De Michael Frayn, adaptation de John Thomas, mise en scène d’Eric De Staercke, avec Perrine Delers, Bruno Georis, Maria del Rio, Cécile Florin, Benjamin Torrini, Pascal Racan, Marc Weiss, Emmanuel Guillaume, Joséphine de Renesse
Du 19 avril au 14 mai 2017 au Théâtre Royal des Galeries
On sait que le Théâtre Royal des Galeries est l’un des derniers parmi les grands théâtres institutionnels bruxellois à encore oser proposer de vrais vaudevilles, sans rougir et sans se pincer le nez. Et si le plaisir coupable de découvrir une pièce de boulevard s’accompagne toujours d’une certaine dose de circonspection quant au texte, à la mise en scène ou au jeu souvent outré des acteurs, le concept de Silence en coulisses avait de quoi allécher sérieusement, de par son audace et sa volonté de relecture subversive du genre.
La pièce de Michael Frayn, adaptée par John Thomas, propose en effet un angle assez original sur la comédie de boulevard, puisqu’elle met en abyme celle-ci dans son intrigue.
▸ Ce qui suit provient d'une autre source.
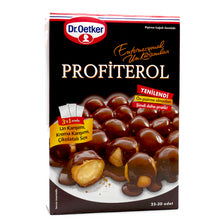Dr.Oetker Profiterol - 360gr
Silence en coulisses suit donc une troupe de théâtre dans la répétition puis les représentations d’une pièce de boulevard intitulée Sans dessus dessous, une caricature du genre dont les quiproquos tournent autour de couples multiples, de portes qui claquent et… d’assiettes de sardines ! À l’intrigue tirée par les cheveux de cette pièce fictive s’ajoutent les atermoiements sentimentaux des comédiens qui la jouent, formant eux aussi un vaudeville dont les enjeux se précisent peu à peu et vont grandissant jusqu’à une véritable explosion finale.
Silence en coulisses s’articule en trois actes, qui déroulent en fait chacun une représentation de la pièce Sans dessus dessous : le premier lors d’une répétition générale assez mouvementée ; le second lors d’une représentation à mi-parcours, gangrénée par les conflits internes et vue depuis les coulisses ; et le troisième lors de la dernière de la tournée, qui dégénère totalement au vu et au sus du public, et dans laquelle la machine supposément bien réglée du comique de timing précis devient complètement folle.
Si le pari est extrêmement ambitieux, il devient assez vite très déstabilisant pour le spectateur de la pièce (la vraie) tant le système mis sur pieds fonctionne en trois temps, de manière très inégale. La première partie semble assez convenue, le principe de la pièce dans la pièce étant traitée d’abord de façon conventionnelle et la mise en scène épousant celle d’un vaudeville lambda, plutôt médiocre. La deuxième partie retourne le dispositif comme une crêpe et fait considérer la pièce sous un angle tout autre, tandis que la mise en scène se fait réellement inventive. Enfin, la dernière partie fait retomber le soufflé de manière assez consternante, surjouant ses effets et tournant au n’importe quoi absolu, une bouillie informe qui ne fait plus rire du tout et agace prodigieusement.
Si la pièce se termine sur une – très – mauvaise note, l’impression globale reste tout de même mitigée, tant Silence en coulisses fait vivre les montagnes russes à son spectateur. Il en ressort tout de même une donnée résolument positive : l’implication et la performance hors-normes de l’ensemble de la distribution. Un tel abattage et une telle maîtrise au service d’un matériau qui ne le mérite pas reste quelque chose d’assez impressionnant à voir, même si l’impression d’assister à un beau gâchis domine malheureusement. D’autant plus que, sans sa dernière partie désastreuse, apparemment conçue comme le clou « irrésistible » du spectacle, Silence en coulisses aurait été un assez agréable moment.